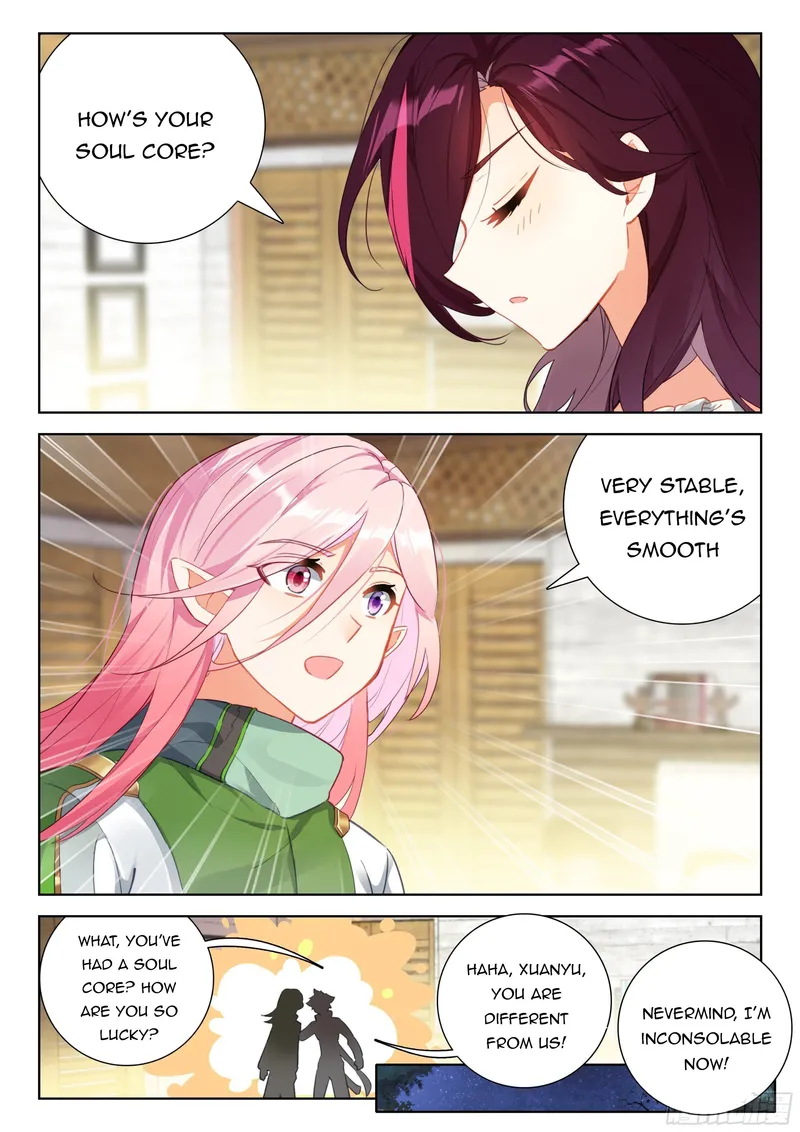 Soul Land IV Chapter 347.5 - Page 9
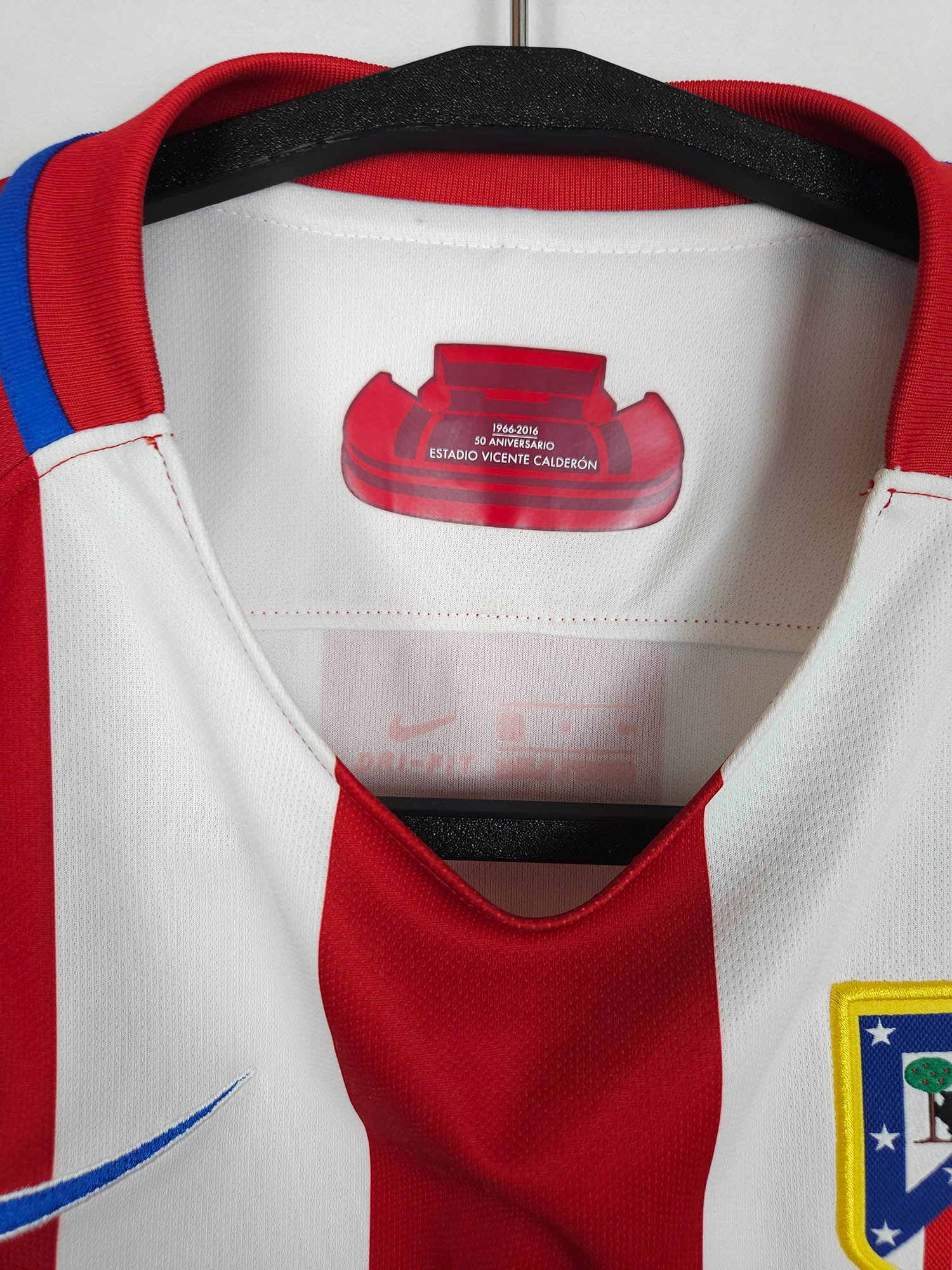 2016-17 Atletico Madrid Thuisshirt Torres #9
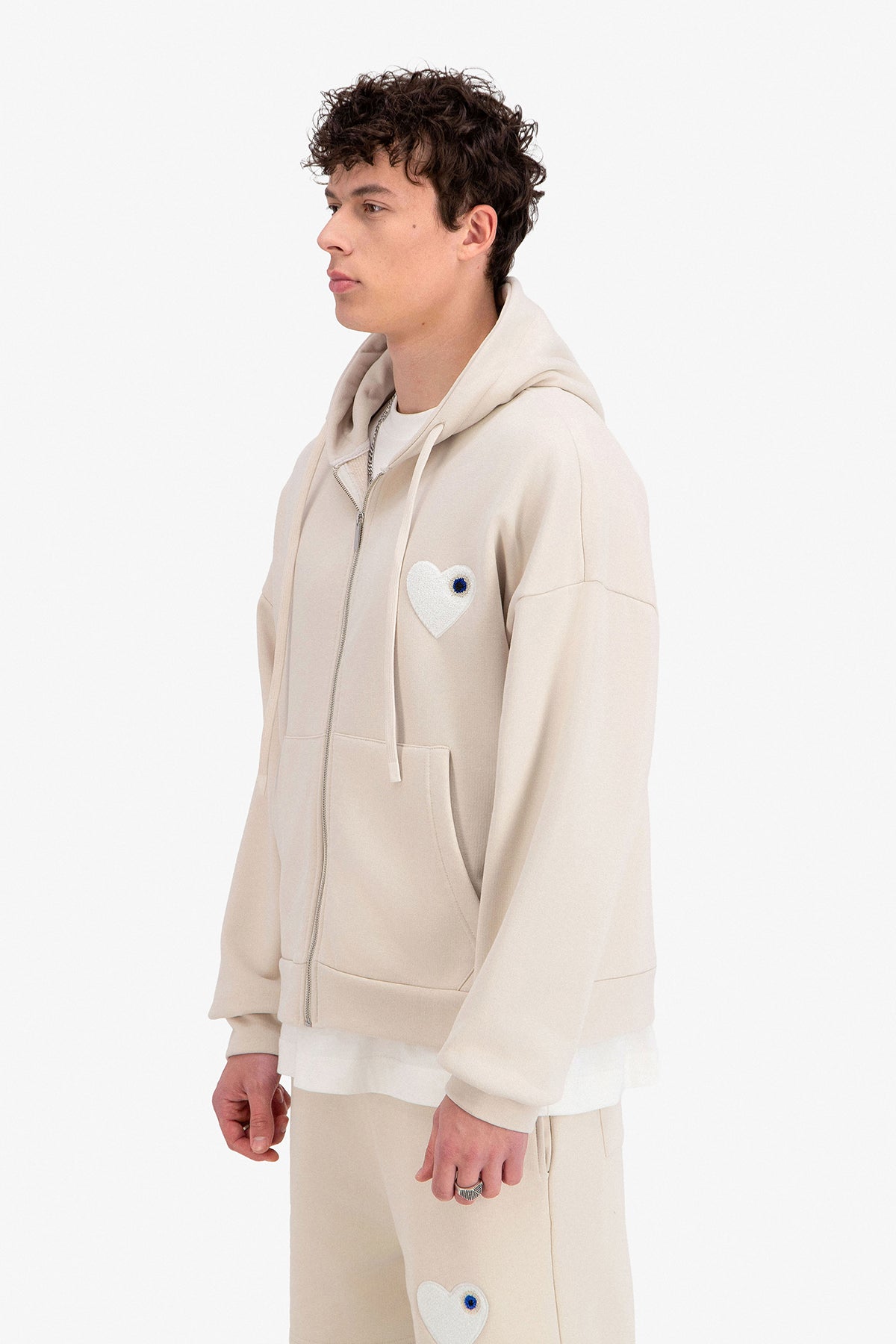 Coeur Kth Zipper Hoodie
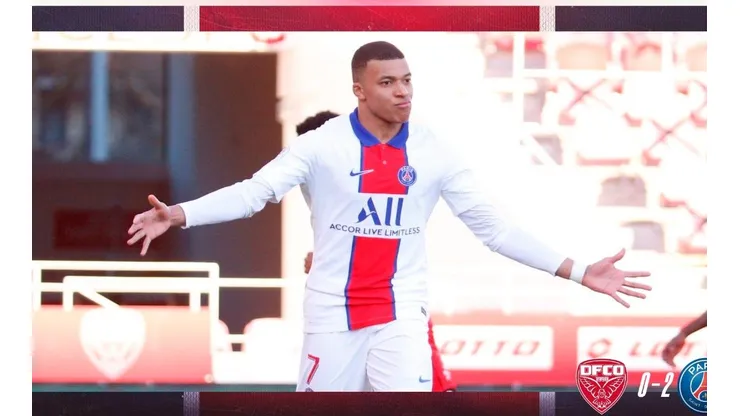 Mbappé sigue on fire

◇ ◇ ◇

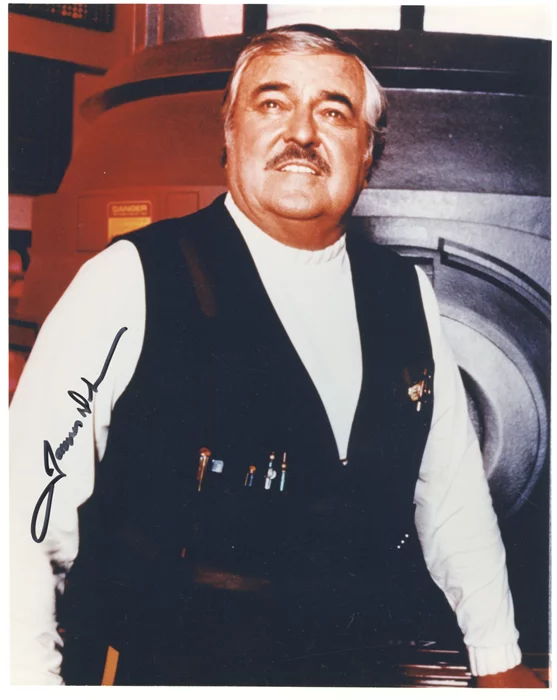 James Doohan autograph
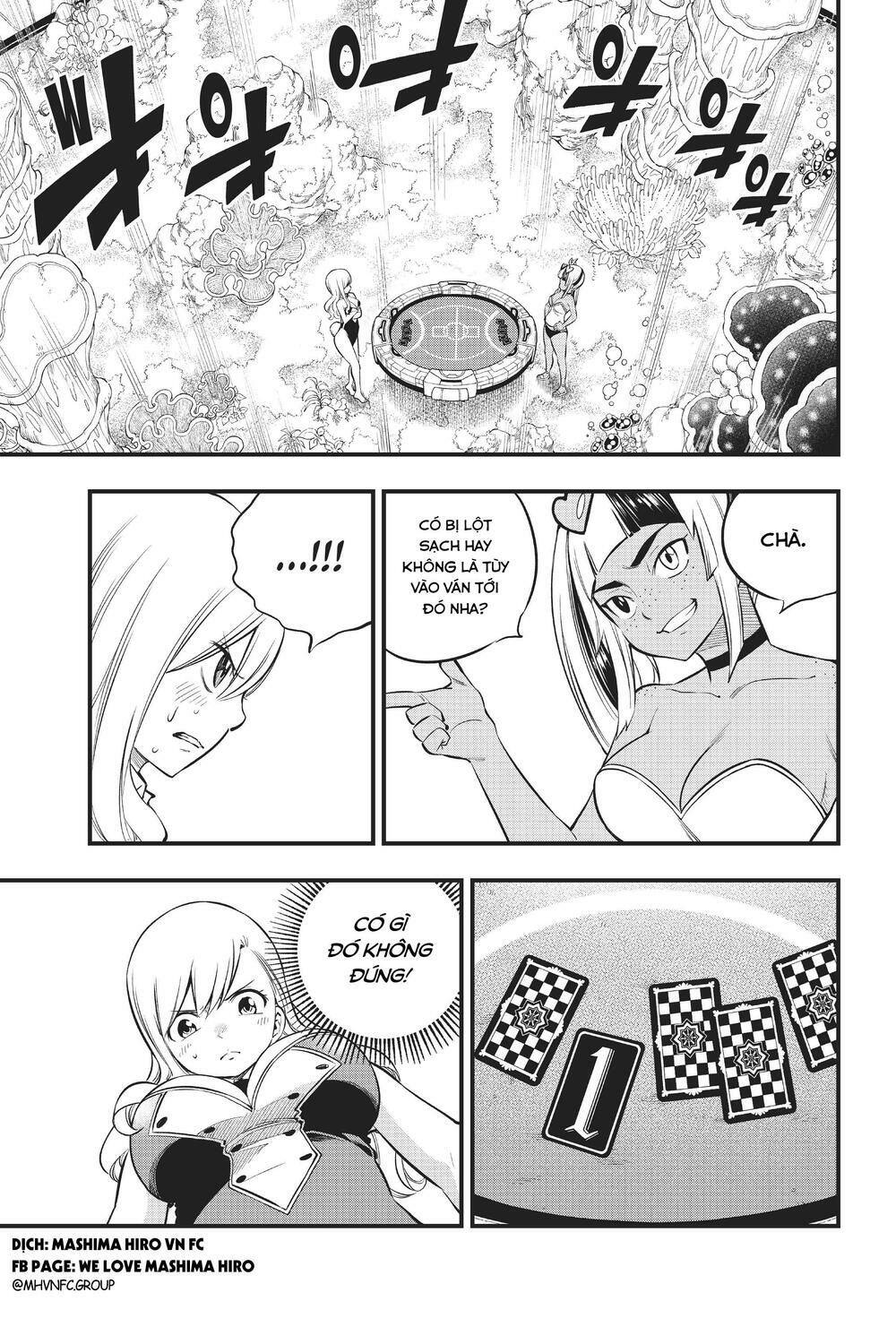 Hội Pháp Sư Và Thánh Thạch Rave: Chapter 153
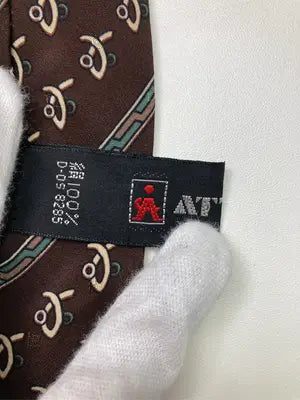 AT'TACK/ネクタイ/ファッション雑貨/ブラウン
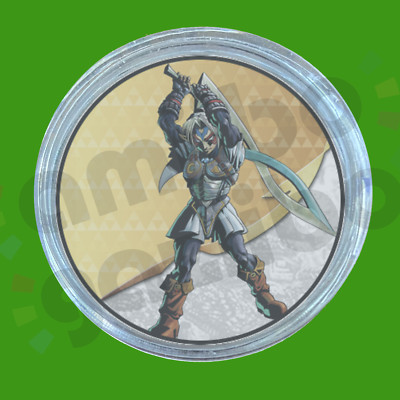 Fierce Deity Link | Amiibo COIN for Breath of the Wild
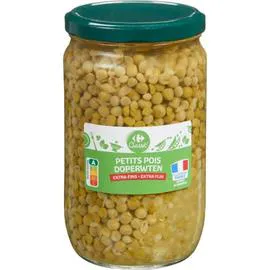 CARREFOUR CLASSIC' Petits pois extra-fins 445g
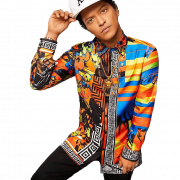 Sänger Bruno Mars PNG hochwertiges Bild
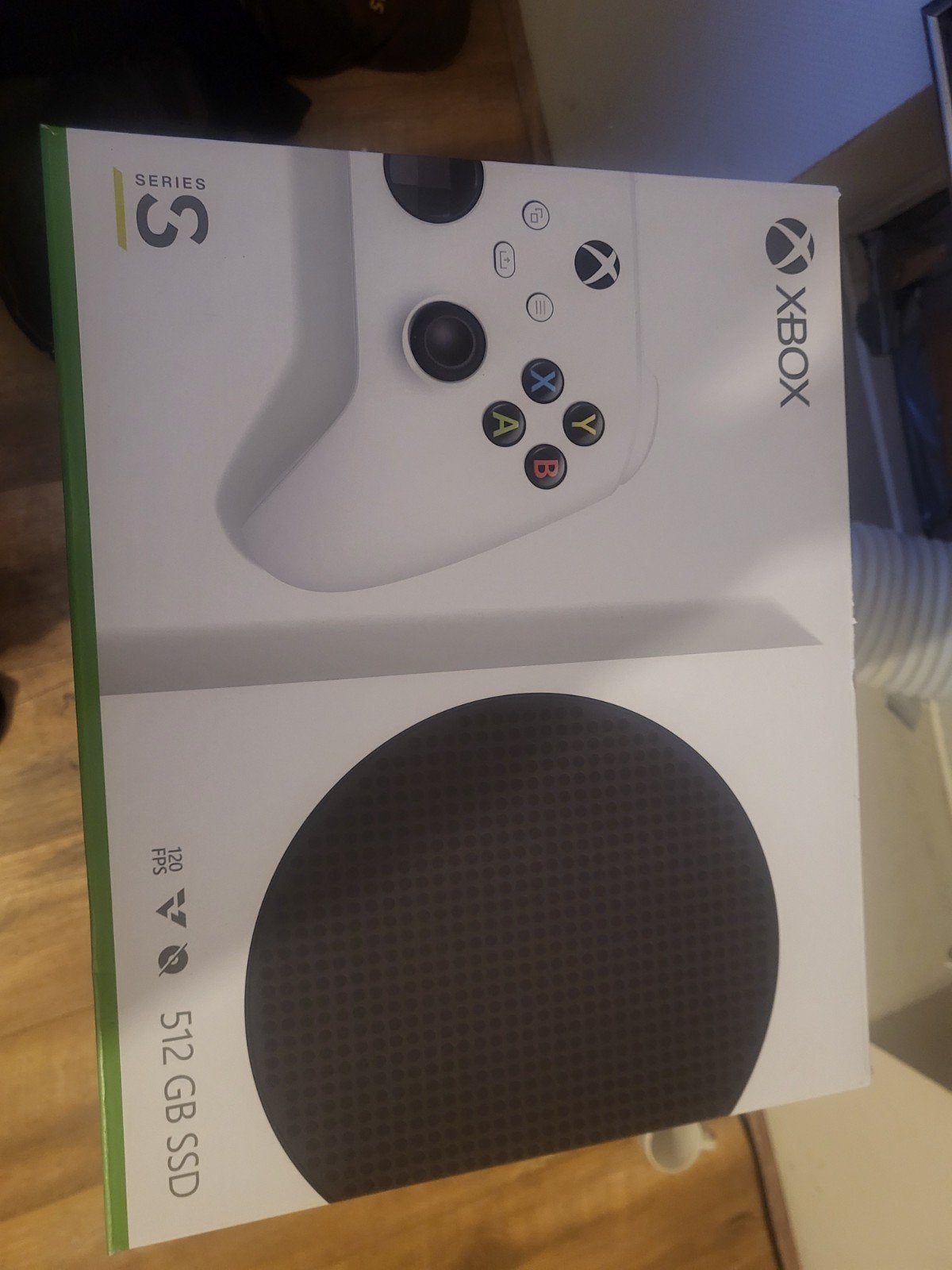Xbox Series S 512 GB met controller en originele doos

◇ ◇ ◇

[About this task] Return the stretch of data that begins with the line showing "Soul Land IV Chapter 347.5 - Page 9" and goes on through the line showing "Mbappé sigue on fire", exactly, with pictures removed.

[Written answer]
 Soul Land IV Chapter 347.5 - Page 9
 2016-17 Atletico Madrid Thuisshirt Torres #9
 Coeur Kth Zipper Hoodie
 Mbappé sigue on fire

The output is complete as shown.